Maira was a good wife and loved her husband tenderly; but she was not more generous than the majority of the female sex. Deeply as Xenocles was moved, it did not occur to her to spare him. All that she had silently endured for years must be uttered.

“Now we have no daughter,” she said, as a sort of preamble.

Xenocles was silent, the muscles around his mouth twitched convulsively.

A pause ensued. At that early hour of the morning the house was so still that the flies were heard buzzing in the sunshine on the rush carpet inside the door.

“It would have been better,” Maira continued, “if you had not always had your head filled with your plans and measurements for buildings. Whole days passed without your saying a word to Clytie or me, and if I spoke to you about anything that disturbed you, I was so harshly rebuffed that I often dared not address you. Doris the slave-girl knew ten times as much about Clytie’s affairs. By Adrasteia, it’s an easy matter to be a father, if a man considers it enough to give his daughter home and clothes and food. But, if you had had any love for your child, had you suspected what she hoped and longed for, had you known what she feared more than death—this misfortune would not have befallen us.”

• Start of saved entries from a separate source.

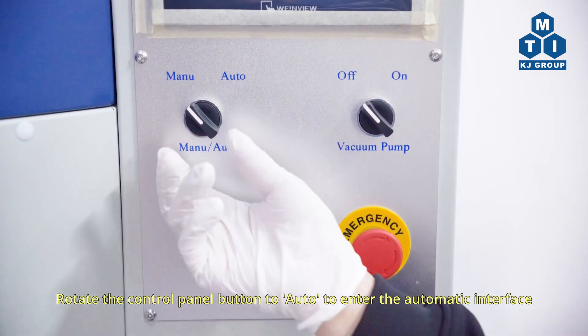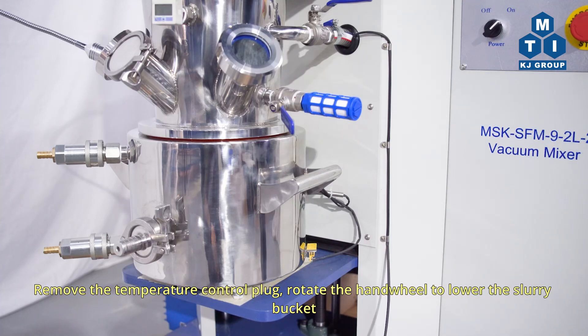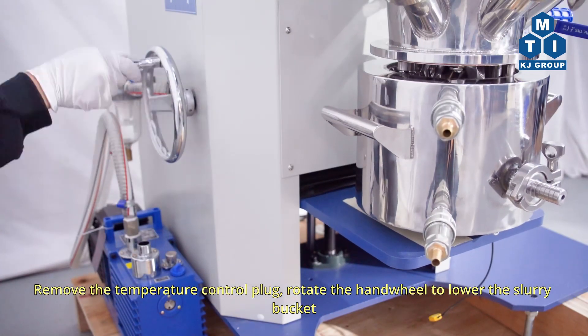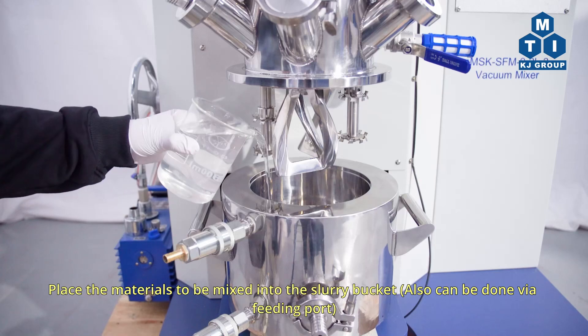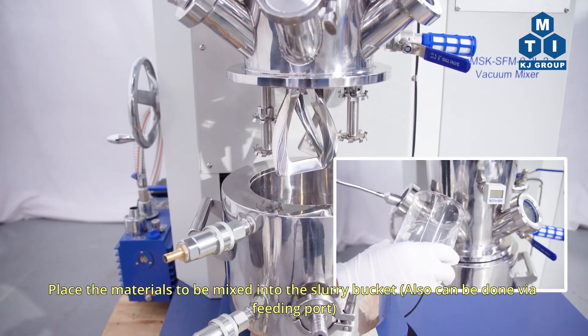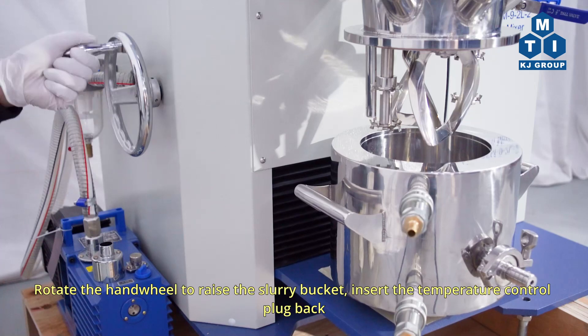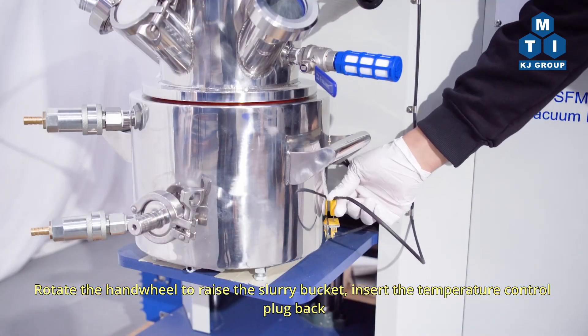Rotate the control panel button to Auto to enter the automatic interface. Remove the temperature control plug and rotate the handwheel to lower the slurry bucket. Place the materials to be mixed into the slurry bucket — this can also be done via the feeding port. Rotate the handwheel to raise the slurry bucket, then insert the temperature control plug back.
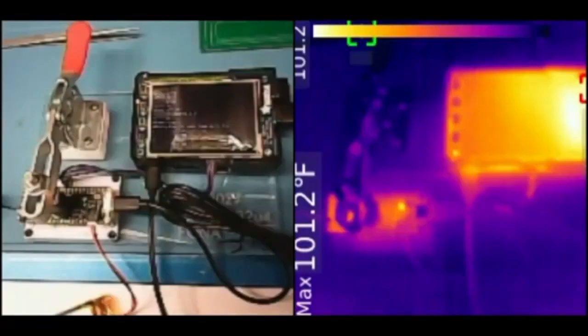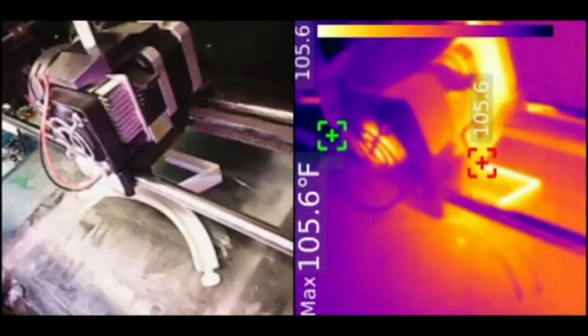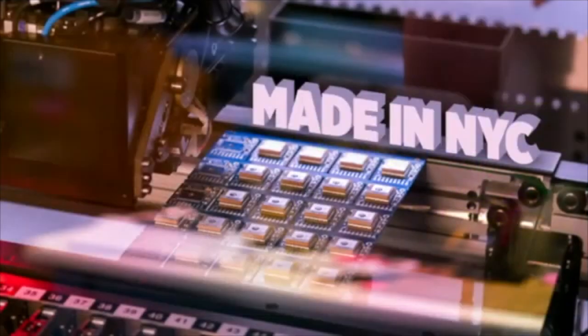We got this thermal image of this particular tester. That's actually a Lego, by the way.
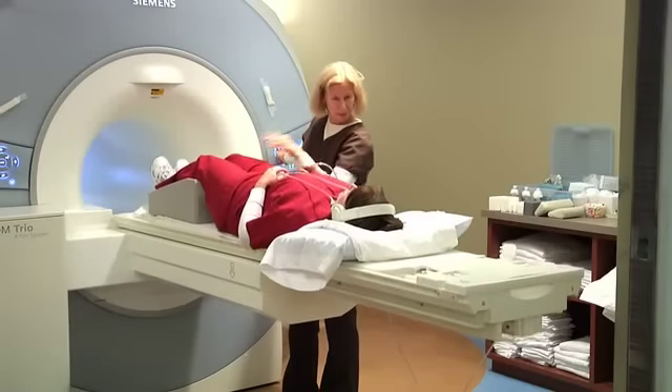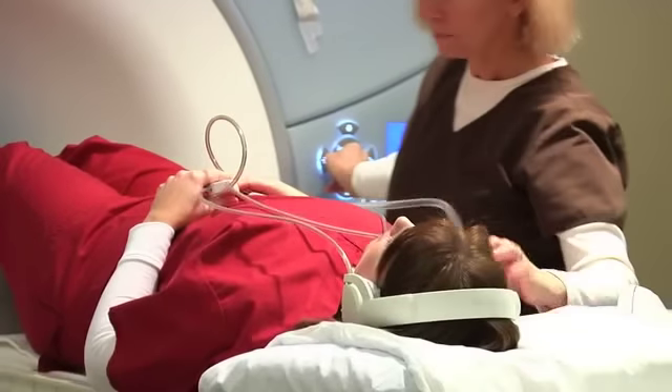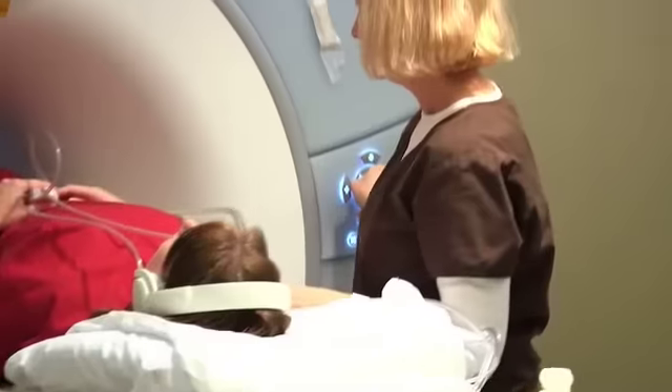In addition, we're going to give you a call button just in case you need to stop your scan. Once everything is set, the table will rise and your lumbar spine will be positioned in the center of the MRI scanner.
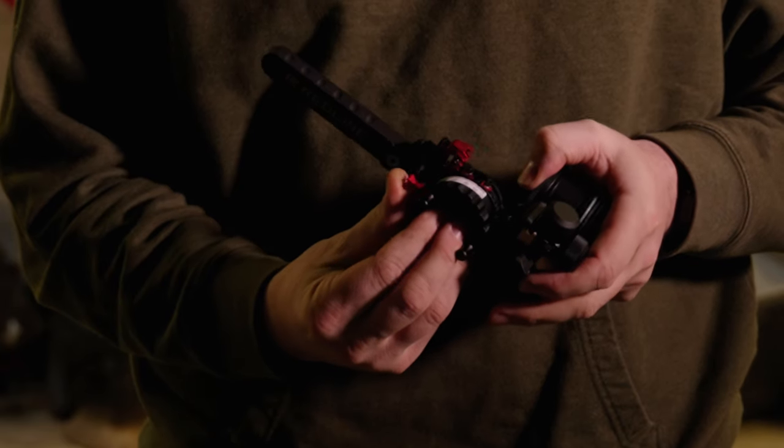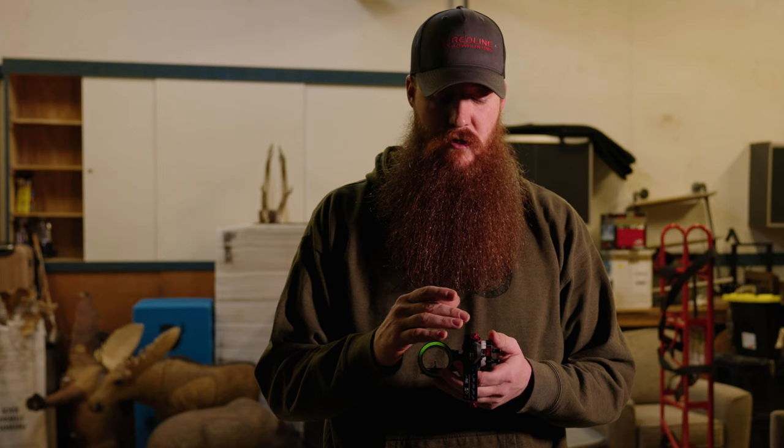Back up to 20 yards. If you were dead on at 10 yards there's a good chance you'll be slightly low at 20 — that's okay. Make your minor adjustments and get your 20 dead on. Once you've verified your 20-yard zero and don't want to move it at all, take the locking lever and bring it all the way up. Now your sight is locked in at 20 yards and it's not going to move.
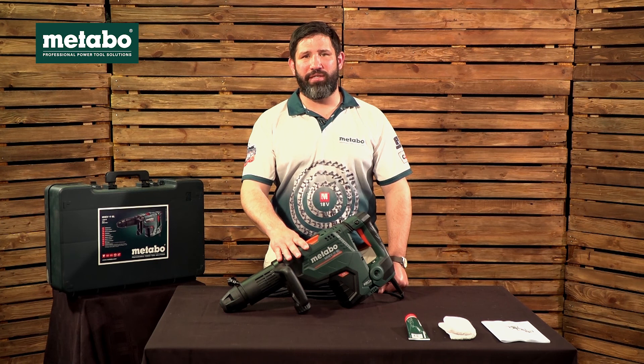Should you wish to see a demo on this unit, please visit our Metabo SA YouTube channel.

Xenocles gazed at Maira as though she were a stranger. He understood that it was maternal affection which made her so strong, and at the same time dimly felt that perhaps he had some reason to reproach himself.

He bent his head.

“What is to be done?” he murmured. “Tell me, Maira. You have always been a good wife to me.”

At these simple words all Maira’s wrath vanished. She involuntarily sat down beside her husband and, as their eyes met, she threw her arms around his neck and kissed him.

“First,” she whispered, “we must conceal Clytie’s flight. Then you must—better now than later—go to Acestor and tell him that Clytie is ill and the wedding must be postponed. You can say she is delirious and no one is allowed to see her.”